__Assigned task__
Copy out the lines of the records below, and only those lines, from the one with "Louis Vuitton Black" through the one with "Gothic Marquis Sterling", exactly as they appear.

__Exercise inputs__
==========

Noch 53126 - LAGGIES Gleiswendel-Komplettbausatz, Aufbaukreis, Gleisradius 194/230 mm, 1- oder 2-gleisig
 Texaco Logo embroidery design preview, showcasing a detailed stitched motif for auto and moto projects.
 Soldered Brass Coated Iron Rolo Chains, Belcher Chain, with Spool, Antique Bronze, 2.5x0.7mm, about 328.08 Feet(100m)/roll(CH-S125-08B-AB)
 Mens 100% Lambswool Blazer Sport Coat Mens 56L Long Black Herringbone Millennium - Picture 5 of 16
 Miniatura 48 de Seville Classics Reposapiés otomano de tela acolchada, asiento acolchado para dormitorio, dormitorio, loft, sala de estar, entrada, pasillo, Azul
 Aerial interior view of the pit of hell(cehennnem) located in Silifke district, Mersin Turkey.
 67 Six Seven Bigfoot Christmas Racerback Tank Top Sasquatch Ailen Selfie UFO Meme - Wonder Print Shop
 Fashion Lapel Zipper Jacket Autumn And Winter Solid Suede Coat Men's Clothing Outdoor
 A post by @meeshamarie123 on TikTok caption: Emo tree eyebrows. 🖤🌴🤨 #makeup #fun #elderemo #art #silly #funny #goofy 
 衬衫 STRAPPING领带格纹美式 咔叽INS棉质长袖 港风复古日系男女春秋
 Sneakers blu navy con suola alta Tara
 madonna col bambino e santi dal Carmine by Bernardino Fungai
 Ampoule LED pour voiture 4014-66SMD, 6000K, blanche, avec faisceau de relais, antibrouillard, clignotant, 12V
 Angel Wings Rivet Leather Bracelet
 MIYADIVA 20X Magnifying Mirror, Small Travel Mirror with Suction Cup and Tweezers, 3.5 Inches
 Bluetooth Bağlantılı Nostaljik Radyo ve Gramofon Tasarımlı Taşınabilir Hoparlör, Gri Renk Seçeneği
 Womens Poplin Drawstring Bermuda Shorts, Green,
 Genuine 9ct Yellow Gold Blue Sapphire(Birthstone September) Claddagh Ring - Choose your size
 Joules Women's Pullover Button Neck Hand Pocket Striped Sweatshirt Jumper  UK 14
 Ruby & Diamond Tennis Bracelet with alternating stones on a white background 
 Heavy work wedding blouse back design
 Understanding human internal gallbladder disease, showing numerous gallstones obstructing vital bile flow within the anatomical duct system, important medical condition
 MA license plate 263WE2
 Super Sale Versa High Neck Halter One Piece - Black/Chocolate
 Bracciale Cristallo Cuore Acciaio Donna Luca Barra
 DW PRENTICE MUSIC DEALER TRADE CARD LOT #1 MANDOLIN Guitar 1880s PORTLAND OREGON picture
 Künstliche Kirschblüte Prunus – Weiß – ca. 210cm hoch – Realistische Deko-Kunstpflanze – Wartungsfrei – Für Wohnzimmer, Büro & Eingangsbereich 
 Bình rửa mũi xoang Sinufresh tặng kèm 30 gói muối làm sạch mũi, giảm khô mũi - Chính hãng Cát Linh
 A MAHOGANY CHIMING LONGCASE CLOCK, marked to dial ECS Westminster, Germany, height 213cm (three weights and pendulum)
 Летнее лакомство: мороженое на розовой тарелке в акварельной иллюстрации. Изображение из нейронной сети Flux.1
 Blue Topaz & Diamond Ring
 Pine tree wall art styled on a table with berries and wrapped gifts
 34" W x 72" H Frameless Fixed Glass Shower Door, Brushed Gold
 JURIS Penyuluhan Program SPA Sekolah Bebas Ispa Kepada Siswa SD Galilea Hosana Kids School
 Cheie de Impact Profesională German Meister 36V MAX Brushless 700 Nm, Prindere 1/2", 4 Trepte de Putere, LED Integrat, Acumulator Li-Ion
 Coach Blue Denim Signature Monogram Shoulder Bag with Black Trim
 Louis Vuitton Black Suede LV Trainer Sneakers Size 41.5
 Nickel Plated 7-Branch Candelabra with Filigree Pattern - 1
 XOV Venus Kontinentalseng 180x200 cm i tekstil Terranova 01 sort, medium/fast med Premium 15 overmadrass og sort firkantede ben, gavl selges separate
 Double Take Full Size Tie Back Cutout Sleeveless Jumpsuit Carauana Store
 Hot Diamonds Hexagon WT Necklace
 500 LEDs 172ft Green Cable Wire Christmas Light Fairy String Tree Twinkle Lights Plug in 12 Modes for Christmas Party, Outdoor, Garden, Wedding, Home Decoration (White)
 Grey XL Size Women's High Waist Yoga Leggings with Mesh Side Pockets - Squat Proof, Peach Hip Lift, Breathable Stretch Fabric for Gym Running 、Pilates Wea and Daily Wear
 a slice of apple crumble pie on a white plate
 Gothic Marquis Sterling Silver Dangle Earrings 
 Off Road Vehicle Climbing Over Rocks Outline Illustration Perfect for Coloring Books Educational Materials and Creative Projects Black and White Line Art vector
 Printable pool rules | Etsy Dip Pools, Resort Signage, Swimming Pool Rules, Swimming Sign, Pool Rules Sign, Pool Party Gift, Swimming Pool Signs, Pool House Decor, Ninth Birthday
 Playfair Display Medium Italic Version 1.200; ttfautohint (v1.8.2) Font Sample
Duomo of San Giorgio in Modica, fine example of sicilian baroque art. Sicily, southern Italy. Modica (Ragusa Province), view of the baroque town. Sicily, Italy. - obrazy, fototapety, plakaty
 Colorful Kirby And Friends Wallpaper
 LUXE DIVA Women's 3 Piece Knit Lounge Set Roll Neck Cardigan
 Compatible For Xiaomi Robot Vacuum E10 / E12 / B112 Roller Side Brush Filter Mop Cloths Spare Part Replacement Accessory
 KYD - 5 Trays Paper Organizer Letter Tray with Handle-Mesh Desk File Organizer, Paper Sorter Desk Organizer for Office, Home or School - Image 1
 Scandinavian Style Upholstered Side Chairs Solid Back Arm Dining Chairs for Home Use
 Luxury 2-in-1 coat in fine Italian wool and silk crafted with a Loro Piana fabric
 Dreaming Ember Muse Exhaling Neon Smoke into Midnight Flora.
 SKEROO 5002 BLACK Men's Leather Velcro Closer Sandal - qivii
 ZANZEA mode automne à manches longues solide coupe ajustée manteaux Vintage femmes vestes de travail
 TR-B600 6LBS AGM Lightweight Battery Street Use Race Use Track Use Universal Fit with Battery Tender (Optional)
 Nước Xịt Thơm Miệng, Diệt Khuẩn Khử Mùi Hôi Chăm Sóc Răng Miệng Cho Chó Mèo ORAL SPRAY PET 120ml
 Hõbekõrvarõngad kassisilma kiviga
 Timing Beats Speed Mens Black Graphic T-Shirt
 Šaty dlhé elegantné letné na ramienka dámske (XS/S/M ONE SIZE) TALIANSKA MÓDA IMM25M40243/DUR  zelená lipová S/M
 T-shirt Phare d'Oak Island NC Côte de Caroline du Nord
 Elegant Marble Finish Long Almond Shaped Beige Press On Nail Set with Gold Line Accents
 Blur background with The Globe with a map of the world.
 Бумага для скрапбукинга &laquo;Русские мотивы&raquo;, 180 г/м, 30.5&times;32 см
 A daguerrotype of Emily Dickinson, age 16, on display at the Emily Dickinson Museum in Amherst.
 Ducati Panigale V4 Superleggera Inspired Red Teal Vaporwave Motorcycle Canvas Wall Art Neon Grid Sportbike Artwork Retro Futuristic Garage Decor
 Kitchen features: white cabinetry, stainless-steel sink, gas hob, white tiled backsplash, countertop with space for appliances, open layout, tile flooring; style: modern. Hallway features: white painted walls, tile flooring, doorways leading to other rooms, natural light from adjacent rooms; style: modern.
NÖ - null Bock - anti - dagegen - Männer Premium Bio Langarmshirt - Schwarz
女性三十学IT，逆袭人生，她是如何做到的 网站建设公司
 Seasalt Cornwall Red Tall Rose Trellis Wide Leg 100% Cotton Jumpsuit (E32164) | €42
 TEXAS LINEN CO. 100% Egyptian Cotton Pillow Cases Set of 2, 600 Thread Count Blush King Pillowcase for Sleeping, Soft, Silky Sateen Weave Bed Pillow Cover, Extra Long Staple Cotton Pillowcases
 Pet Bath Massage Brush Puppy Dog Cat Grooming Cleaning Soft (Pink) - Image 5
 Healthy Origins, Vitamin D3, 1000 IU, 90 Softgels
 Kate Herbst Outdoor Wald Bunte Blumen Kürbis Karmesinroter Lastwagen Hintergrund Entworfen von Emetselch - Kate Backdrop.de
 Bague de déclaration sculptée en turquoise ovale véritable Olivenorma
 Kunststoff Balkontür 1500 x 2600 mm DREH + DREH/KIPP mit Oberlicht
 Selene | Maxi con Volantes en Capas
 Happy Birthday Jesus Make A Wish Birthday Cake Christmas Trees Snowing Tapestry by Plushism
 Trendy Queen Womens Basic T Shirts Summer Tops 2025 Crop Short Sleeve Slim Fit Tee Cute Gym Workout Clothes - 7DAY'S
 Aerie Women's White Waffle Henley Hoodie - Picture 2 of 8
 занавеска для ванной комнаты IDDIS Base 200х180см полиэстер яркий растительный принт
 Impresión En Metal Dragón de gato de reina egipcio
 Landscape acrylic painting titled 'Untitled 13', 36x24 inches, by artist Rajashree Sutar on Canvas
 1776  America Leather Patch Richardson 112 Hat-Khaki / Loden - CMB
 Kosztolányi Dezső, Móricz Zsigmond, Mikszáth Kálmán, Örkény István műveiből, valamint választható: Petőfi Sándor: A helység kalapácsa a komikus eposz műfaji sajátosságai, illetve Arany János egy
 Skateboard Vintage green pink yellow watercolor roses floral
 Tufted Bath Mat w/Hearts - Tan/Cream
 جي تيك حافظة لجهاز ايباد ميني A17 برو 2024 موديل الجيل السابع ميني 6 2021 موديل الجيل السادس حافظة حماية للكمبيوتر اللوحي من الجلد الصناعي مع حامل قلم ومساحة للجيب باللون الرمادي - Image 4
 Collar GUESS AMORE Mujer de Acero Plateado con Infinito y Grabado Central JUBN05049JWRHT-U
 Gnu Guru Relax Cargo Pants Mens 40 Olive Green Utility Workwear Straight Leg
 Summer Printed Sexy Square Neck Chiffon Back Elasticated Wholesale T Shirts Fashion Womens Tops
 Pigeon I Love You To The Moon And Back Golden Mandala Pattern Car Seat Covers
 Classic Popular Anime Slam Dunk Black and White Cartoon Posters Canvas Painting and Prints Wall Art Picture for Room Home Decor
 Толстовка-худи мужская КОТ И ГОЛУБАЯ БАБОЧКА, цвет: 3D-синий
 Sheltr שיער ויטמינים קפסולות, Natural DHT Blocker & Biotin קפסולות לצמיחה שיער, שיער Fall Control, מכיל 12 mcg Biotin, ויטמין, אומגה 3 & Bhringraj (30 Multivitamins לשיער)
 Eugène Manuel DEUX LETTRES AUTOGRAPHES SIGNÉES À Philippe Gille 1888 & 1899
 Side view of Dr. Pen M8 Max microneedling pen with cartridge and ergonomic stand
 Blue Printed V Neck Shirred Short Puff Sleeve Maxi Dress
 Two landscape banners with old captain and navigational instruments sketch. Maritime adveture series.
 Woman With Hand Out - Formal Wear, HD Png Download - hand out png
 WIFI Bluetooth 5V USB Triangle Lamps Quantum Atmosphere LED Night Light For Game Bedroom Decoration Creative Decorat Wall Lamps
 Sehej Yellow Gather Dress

==========

__Response to the exercise__
 Louis Vuitton Black Suede LV Trainer Sneakers Size 41.5
 Nickel Plated 7-Branch Candelabra with Filigree Pattern - 1
 XOV Venus Kontinentalseng 180x200 cm i tekstil Terranova 01 sort, medium/fast med Premium 15 overmadrass og sort firkantede ben, gavl selges separate
 Double Take Full Size Tie Back Cutout Sleeveless Jumpsuit Carauana Store
 Hot Diamonds Hexagon WT Necklace
 500 LEDs 172ft Green Cable Wire Christmas Light Fairy String Tree Twinkle Lights Plug in 12 Modes for Christmas Party, Outdoor, Garden, Wedding, Home Decoration (White)
 Grey XL Size Women's High Waist Yoga Leggings with Mesh Side Pockets - Squat Proof, Peach Hip Lift, Breathable Stretch Fabric for Gym Running 、Pilates Wea and Daily Wear
 a slice of apple crumble pie on a white plate
 Gothic Marquis Sterling Silver Dangle Earrings 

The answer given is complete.